Free radical scavenging of Juwet (Syzgium cumini) Fruit

Juwet  are also known as jamblang, duwet, jambolan, java plump, belongs to the family mrytaceae. This plant rarely known by today's young generation. The colour of Juwet fruit are green, red, purple, or black-blue according to their level of ripeness, sour, sweet,  are the taste of Juwet.

The purple to black colour of Juwet indicates a high anthocyanin content. This is related to differences in the interaction of anthocyanin compounds with various metal ions such as Al, Fe, and Mg. Various anthocyanin content which is one of the antioxidant compounds in juwets such as malvidin, petunidin, delphinidin, cyaniding, petonidin, and pelargonidin. These compounds are easy to form complex compounds with metal ions because it has a hydroxyl group and other groups at certain positions in the aromatic ring. These complex compounds of antioxidants and metals have a stronger ability to fight free radicals    compared to single compounds.

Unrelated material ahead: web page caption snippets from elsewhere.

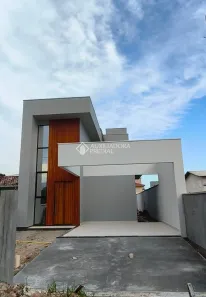 Casa com 3 Quartos à venda, 175m² no Pinheira, Palhoça
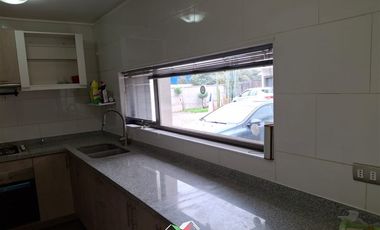 Casa en Venta en San francisco de limache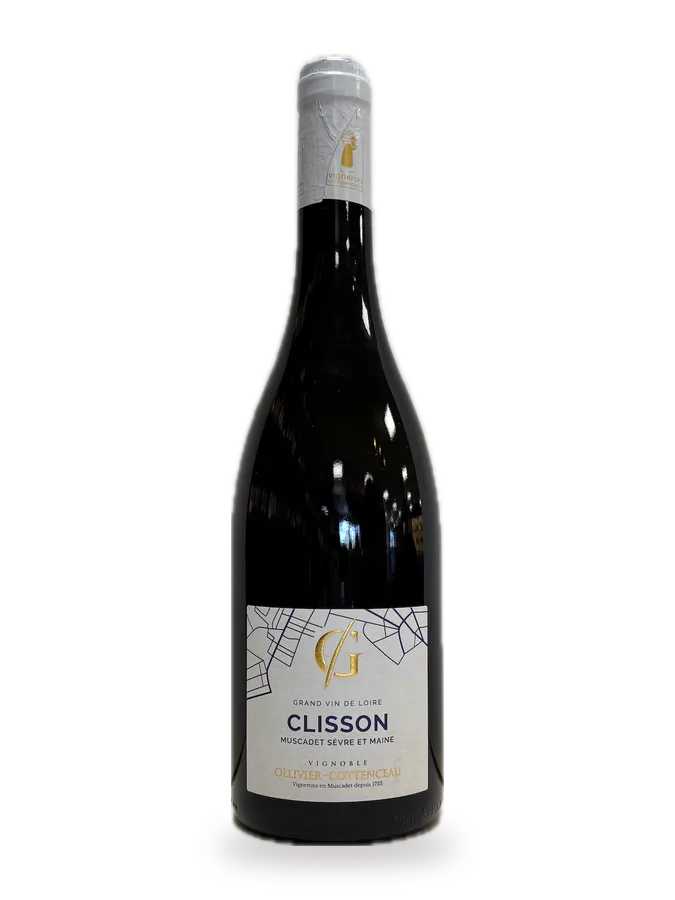 Clisson 2019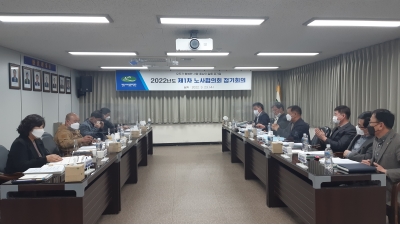 대표사진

           Free radicals are molecules that lose an electron pair so that it is reactive to find new electron pairs. The electrons in their orbitals surround the nucleus and rotate on their axis. Electrons surround, or orbit an atom in one or more layers and spin on the axis occurs in two opposite directions from left to right (Spin down) and from right to left (spin up) so that all electrons in orbitals are paired with spin in opposite directions. Paired electrons in orbitals with opposite spin directions indicate the stable condition of an atom. Electrons in stable condition have diamagnetic properties. The opposite is a condition where an atom does not have paired electrons, so that the rotation of electrons in parallel or in the same direction in orbitals will cause a magnetic field with paramagnetic properties.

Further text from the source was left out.